• Problem to solve
The line with "New Shopper tote bag" marks the start; please set it down along with all later lines through the end of the material, exactly, leaving out pictures.

• Task data
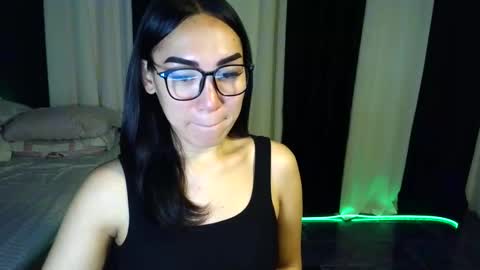 QUEEN online show from May 18, 2:32 am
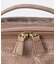 Vanity Pouch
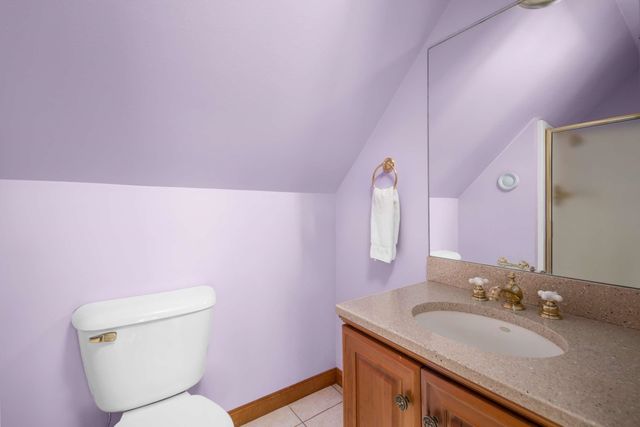 3 Cider Hill Creek Lane, York, ME 03909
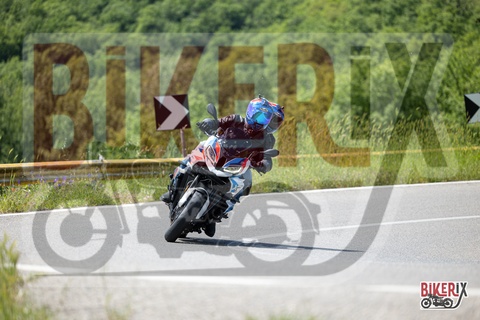 Chianti 11-05-25 h14-28 1209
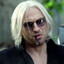 Dante Нагиев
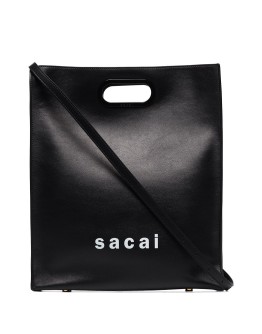 New Shopper tote bag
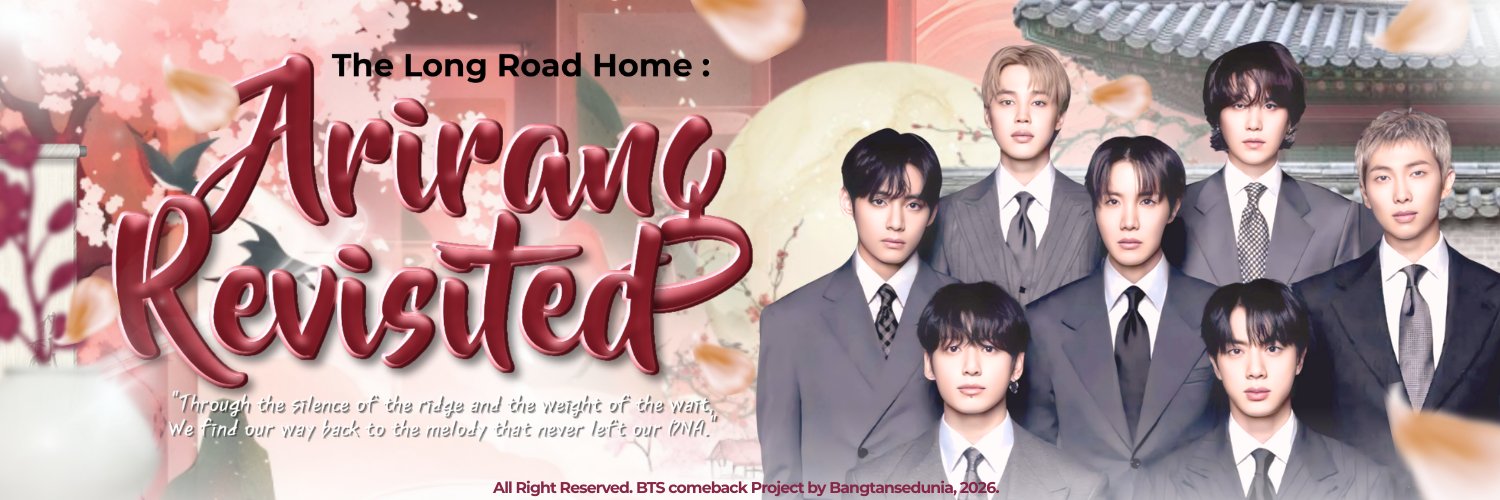 Kim Namu banner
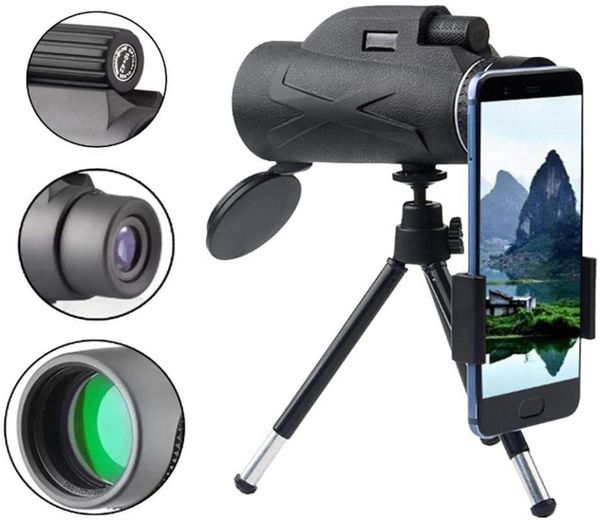 telescope & binoculars 80x100 high definition telepo zoom monocular portable spyglass quality hunting travel outdoor activities
telescope & binoculars 80x100 high definition telepo zoom monocular portable spyglass quality hunting travel outdoor activities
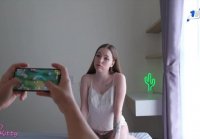 porn video hd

• Your response
 New Shopper tote bag
 Kim Namu banner
 telescope & binoculars 80x100 high definition telepo zoom monocular portable spyglass quality hunting travel outdoor activities
telescope & binoculars 80x100 high definition telepo zoom monocular portable spyglass quality hunting travel outdoor activities
 porn video hd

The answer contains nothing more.